Once the pictures are set aside, transcribe the remaining data exactly.

======== DATA RECORDS ========

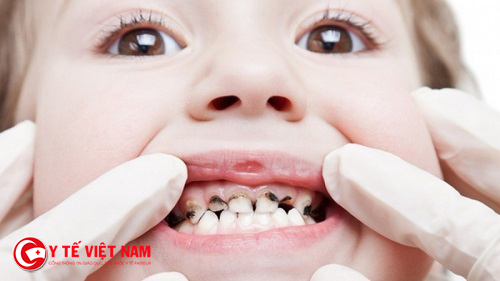Bệnh sâu răng gây ảnh hưởng đến sức khỏe và tính thẩm mỹ của hàm răng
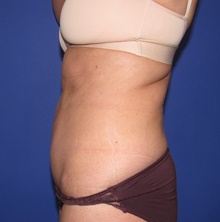 Tummy Tuck After Photo by Katerina Gallus, MD, FACS; San Diego, CA - Case 47392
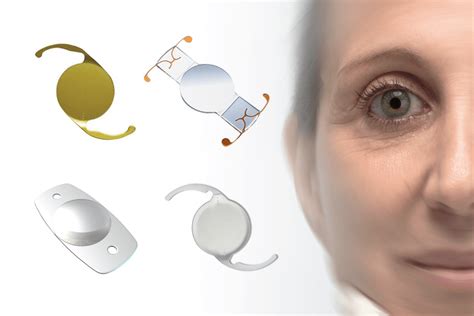 cataract surgery lens choices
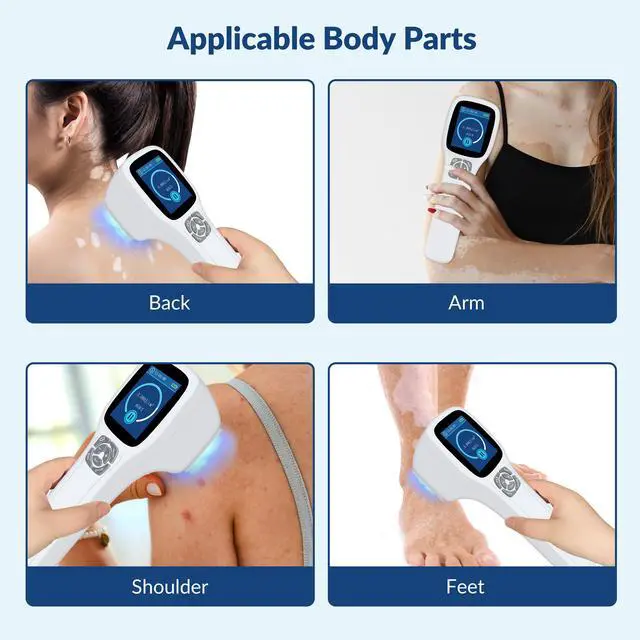 Alt view image 4 of 7 - ZJKC 308nm Excimer System Uv Light Treatment for Skin Disorders Therapy Device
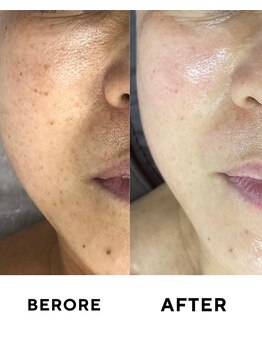 ゼロ(ZERO)/シミシワ肌質改善スペシャル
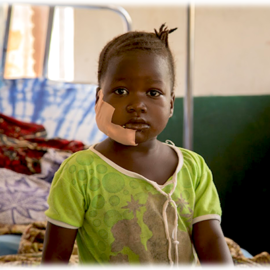 injured little girl in Rotifunk Hospital, Sierra Leone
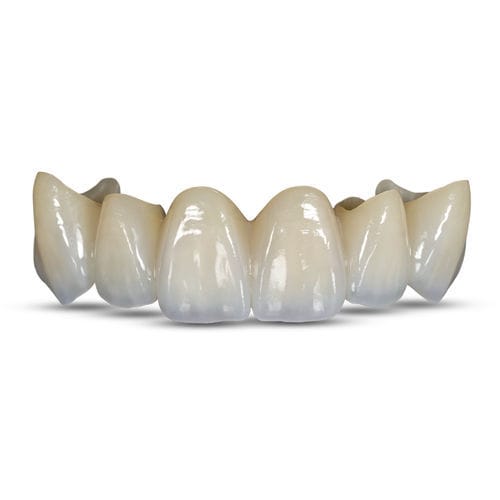 Циркониевый стоматологический материал - BruxZir® Esthetic - Glidewell Europe - для восстановления зубов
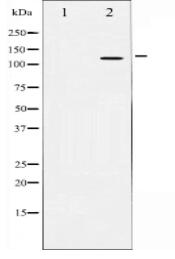 Amyloid beta A4 Antibody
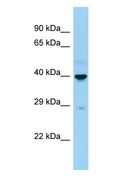 CD207 / Langerin Antibody - CD207 / LANGERIN antibody Western Blot of Fetal Kidney . Antibody dilution: 1 ug/ml.  This image was taken for the unconjugated form of this product. Other forms have not been tested.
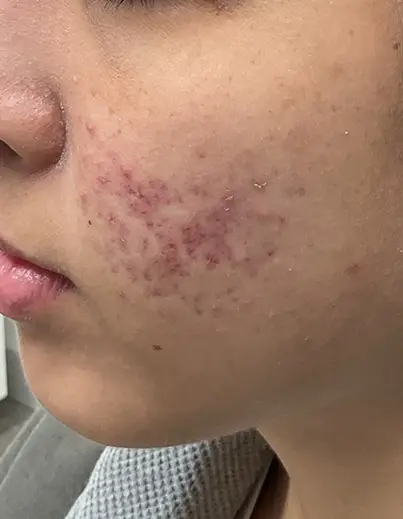 Acne — Combination Care - Before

========

**SOLUTION TO THIS EXERCISE**
Bệnh sâu răng gây ảnh hưởng đến sức khỏe và tính thẩm mỹ của hàm răng
 Tummy Tuck After Photo by Katerina Gallus, MD, FACS; San Diego, CA - Case 47392
 cataract surgery lens choices
 Alt view image 4 of 7 - ZJKC 308nm Excimer System Uv Light Treatment for Skin Disorders Therapy Device
 ゼロ(ZERO)/シミシワ肌質改善スペシャル
 injured little girl in Rotifunk Hospital, Sierra Leone
 Циркониевый стоматологический материал - BruxZir® Esthetic - Glidewell Europe - для восстановления зубов
 Amyloid beta A4 Antibody
 CD207 / Langerin Antibody - CD207 / LANGERIN antibody Western Blot of Fetal Kidney . Antibody dilution: 1 ug/ml.  This image was taken for the unconjugated form of this product. Other forms have not been tested.
 Acne — Combination Care - Before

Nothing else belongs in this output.